Blue CapriceAlexandre Moors / 2013 / threestar

Active Ingredients: Compelling score; Mounting tension; Central relationship
Side Effects: Explanation of motives

Blue Caprice is a moody and knotty exploration of influence and manipulation, an examination into the dynamics of a volatile relationship that results in violence. First-time director Alexandre Moors is more interested in psychological violence than physical bloodshed, in deep internal scars we can’t see, and as a result he skillfully steers his dramatization of the Beltway Snipers away from distasteful shock and easy condemnation.

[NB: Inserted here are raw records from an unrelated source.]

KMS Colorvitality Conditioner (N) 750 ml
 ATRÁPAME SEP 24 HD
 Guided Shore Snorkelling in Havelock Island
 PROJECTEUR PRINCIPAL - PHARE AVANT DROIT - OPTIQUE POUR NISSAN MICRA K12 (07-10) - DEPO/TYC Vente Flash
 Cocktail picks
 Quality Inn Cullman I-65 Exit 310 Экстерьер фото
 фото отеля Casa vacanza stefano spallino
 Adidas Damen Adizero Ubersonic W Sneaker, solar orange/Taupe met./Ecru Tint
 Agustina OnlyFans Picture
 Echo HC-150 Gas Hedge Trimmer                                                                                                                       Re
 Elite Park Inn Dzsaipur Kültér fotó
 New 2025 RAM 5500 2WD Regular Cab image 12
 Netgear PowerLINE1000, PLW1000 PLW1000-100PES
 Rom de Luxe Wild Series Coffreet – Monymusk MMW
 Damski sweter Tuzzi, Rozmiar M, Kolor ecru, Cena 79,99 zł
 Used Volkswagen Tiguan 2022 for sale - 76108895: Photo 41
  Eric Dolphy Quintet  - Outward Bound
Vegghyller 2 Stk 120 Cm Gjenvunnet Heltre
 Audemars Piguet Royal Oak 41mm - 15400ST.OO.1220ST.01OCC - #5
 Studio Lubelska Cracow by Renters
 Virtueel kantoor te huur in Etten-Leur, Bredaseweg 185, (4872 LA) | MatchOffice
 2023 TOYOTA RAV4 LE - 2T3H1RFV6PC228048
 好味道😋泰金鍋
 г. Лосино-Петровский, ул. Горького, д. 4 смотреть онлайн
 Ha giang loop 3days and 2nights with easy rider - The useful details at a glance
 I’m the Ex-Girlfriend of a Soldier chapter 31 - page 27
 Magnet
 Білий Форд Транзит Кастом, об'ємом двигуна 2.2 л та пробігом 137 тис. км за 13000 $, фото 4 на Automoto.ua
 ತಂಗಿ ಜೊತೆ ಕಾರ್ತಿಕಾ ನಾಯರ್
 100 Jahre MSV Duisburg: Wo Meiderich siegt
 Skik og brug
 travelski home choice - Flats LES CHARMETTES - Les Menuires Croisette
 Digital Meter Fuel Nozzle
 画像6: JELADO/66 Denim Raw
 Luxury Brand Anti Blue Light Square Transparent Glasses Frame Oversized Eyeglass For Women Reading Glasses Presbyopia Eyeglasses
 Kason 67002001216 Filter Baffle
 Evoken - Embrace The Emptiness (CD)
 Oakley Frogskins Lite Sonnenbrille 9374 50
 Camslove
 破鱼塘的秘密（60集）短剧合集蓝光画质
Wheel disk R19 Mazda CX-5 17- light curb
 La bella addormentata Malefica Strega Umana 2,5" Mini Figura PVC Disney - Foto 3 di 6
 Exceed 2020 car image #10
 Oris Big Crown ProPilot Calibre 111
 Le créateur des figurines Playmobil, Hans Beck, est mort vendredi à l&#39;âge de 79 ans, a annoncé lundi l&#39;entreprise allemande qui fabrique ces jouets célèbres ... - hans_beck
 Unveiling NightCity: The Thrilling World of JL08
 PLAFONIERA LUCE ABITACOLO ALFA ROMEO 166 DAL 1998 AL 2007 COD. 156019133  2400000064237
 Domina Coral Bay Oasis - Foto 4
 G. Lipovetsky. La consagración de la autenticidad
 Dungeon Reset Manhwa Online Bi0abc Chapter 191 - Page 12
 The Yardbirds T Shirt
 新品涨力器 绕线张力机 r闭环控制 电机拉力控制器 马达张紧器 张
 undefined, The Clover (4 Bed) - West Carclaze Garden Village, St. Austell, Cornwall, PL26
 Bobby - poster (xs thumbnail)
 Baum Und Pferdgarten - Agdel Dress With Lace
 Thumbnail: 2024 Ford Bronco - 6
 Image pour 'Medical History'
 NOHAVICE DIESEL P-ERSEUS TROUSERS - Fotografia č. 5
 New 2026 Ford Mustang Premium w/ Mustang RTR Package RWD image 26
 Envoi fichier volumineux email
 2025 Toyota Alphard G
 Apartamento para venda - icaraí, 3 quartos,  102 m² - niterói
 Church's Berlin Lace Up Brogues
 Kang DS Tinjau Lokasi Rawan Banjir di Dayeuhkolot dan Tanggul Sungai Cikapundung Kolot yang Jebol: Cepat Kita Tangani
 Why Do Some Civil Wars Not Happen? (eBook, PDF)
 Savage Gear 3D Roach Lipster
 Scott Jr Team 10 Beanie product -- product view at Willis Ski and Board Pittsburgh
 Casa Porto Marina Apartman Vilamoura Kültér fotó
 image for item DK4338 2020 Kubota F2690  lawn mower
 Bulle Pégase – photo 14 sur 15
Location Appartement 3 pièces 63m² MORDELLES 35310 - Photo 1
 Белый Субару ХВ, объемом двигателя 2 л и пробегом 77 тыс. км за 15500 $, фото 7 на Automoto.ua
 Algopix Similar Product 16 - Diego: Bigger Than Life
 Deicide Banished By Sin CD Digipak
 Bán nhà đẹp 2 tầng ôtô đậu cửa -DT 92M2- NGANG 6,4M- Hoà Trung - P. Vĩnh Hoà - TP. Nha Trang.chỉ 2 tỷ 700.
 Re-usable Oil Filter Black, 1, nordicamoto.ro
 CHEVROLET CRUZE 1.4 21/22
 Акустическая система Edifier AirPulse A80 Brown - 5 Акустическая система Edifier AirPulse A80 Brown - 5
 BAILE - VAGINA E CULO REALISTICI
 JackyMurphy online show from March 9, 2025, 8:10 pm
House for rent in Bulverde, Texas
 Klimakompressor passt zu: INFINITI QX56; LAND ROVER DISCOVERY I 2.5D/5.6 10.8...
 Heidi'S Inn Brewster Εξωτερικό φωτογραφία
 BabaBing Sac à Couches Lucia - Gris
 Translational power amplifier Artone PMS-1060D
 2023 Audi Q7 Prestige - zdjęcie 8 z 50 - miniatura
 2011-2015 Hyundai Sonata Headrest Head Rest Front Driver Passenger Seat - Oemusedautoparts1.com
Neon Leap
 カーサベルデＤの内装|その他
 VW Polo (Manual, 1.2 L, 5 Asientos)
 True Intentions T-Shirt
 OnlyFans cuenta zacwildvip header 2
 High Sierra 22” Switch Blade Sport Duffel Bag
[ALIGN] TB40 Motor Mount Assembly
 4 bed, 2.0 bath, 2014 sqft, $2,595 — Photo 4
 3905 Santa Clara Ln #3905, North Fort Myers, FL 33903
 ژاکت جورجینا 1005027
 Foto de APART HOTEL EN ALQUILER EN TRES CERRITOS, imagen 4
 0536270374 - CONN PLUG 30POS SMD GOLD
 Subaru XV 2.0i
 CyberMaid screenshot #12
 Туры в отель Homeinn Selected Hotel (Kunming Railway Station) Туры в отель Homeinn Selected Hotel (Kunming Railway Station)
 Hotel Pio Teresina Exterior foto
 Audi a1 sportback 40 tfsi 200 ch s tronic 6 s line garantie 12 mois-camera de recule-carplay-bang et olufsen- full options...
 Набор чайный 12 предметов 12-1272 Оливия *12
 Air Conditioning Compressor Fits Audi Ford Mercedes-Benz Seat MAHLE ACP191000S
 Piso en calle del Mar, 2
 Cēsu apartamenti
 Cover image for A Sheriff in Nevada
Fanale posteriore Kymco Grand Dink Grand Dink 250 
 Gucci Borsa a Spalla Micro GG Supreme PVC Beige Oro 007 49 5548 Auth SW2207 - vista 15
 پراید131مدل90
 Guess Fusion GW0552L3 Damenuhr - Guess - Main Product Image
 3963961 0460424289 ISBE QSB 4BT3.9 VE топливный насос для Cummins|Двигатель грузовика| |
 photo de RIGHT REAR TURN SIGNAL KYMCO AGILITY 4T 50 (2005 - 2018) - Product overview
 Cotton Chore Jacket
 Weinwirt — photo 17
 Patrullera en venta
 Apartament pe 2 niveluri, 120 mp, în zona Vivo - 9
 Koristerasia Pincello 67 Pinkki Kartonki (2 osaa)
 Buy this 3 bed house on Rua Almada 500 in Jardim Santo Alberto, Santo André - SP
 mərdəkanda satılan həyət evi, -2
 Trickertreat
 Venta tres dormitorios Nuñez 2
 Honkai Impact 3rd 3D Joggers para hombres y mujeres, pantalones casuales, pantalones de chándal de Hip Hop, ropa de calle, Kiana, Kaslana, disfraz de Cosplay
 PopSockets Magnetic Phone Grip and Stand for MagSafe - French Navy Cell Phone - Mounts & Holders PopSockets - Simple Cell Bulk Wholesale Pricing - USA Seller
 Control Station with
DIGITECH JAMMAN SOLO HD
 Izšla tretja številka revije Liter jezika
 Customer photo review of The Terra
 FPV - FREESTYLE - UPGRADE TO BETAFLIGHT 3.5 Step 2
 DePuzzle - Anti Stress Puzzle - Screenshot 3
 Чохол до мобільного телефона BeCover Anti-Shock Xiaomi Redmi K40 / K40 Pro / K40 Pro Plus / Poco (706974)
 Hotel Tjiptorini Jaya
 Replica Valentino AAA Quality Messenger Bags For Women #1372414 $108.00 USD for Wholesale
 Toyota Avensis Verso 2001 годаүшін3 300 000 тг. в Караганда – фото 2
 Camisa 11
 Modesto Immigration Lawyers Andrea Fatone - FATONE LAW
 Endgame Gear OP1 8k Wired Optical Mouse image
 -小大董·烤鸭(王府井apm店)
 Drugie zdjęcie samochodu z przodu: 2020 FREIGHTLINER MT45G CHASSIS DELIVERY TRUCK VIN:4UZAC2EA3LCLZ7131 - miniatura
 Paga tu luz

The film follows the two snipers—the wounded and vitriolic ex-con John, and a lost and abandoned child eager to belong—from their fist meeting in Antigua to their forced separation in prison following a string of murders that left ten dead and sowed terror around the capitol. Isaiah Washington makes John an intense and commanding presence, a facade of strength and calm masking misplaced paranoia and flashes of seething anger. He’s not allowed near his wife and children, and as his hatred festers it radiates out into the world. John’s own abandonment is echoed in Lee: an impressionable blank slate, only given a name at the film’s close.

Blue Caprice wisely focuses on John’s manipulation of Lee rather than the bloodshed itself (the shootings comprise the film’s final 15 minutes or so). Indeed, what’s scariest about Blue Caprice is its perversion of the natural impulses underlying the roles of fathers and sons: nurturing and mentoring, belonging and obedience. Still, the audience feels the inevitability of the shootings to come, and this knowledge imbues the film with a sense of tension and dread. Moors emphasizes these tensions with a disorienting handheld camera, a muted color palette and an extremely compelling and unpredictable score by Sarah Neufeld and Colin Stetson.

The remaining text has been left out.